The problem:
In the records below, find the line containing "あいる様◼️ショートウィッグ 3点" and the line containing "Кронштейн переднего бампера". Give again exactly those lines and every line between them, omitting the pictures.

Input data:
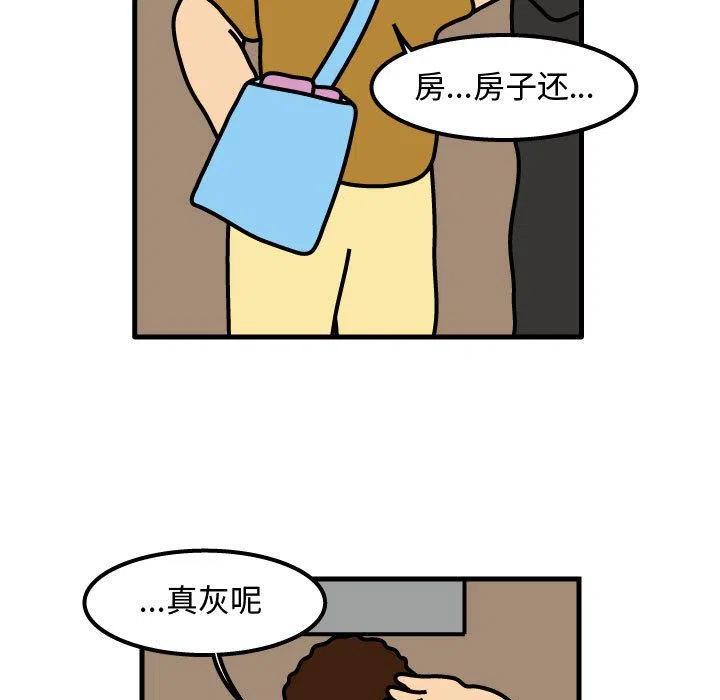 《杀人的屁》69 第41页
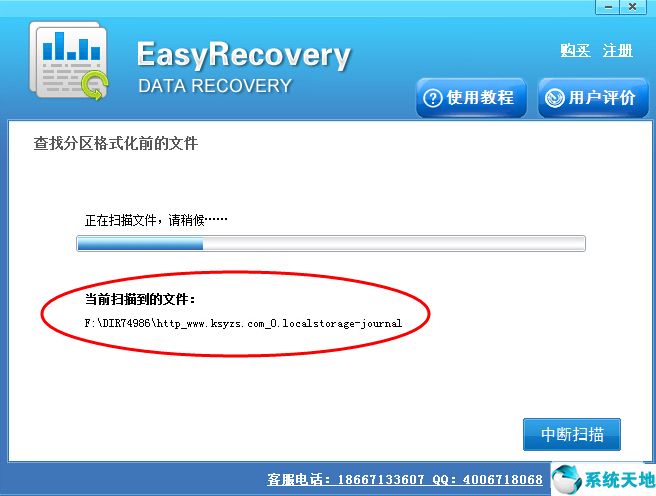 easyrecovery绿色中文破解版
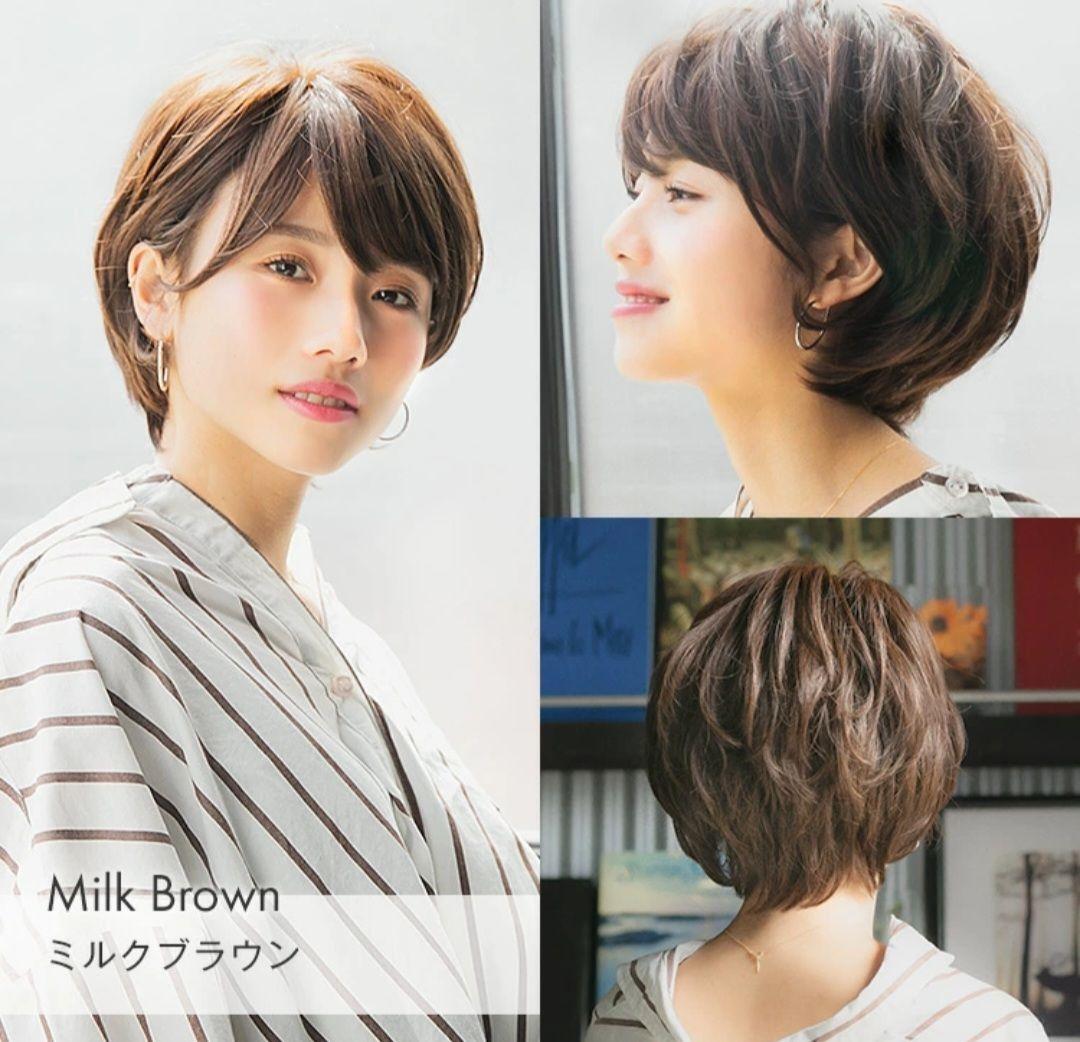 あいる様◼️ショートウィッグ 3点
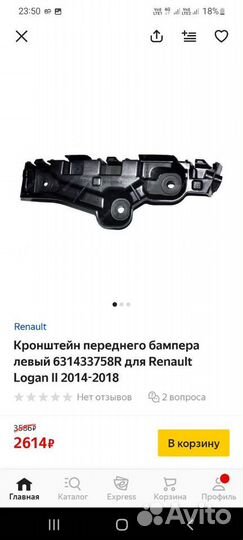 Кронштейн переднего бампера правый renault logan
==
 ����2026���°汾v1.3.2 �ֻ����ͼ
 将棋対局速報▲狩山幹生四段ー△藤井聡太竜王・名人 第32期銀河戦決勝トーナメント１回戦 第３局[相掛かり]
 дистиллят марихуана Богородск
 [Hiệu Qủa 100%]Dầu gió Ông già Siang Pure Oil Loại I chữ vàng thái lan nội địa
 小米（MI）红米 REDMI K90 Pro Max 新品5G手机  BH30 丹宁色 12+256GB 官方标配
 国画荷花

Finished exercise:
 あいる様◼️ショートウィッグ 3点
 Кронштейн переднего бампера правый renault logan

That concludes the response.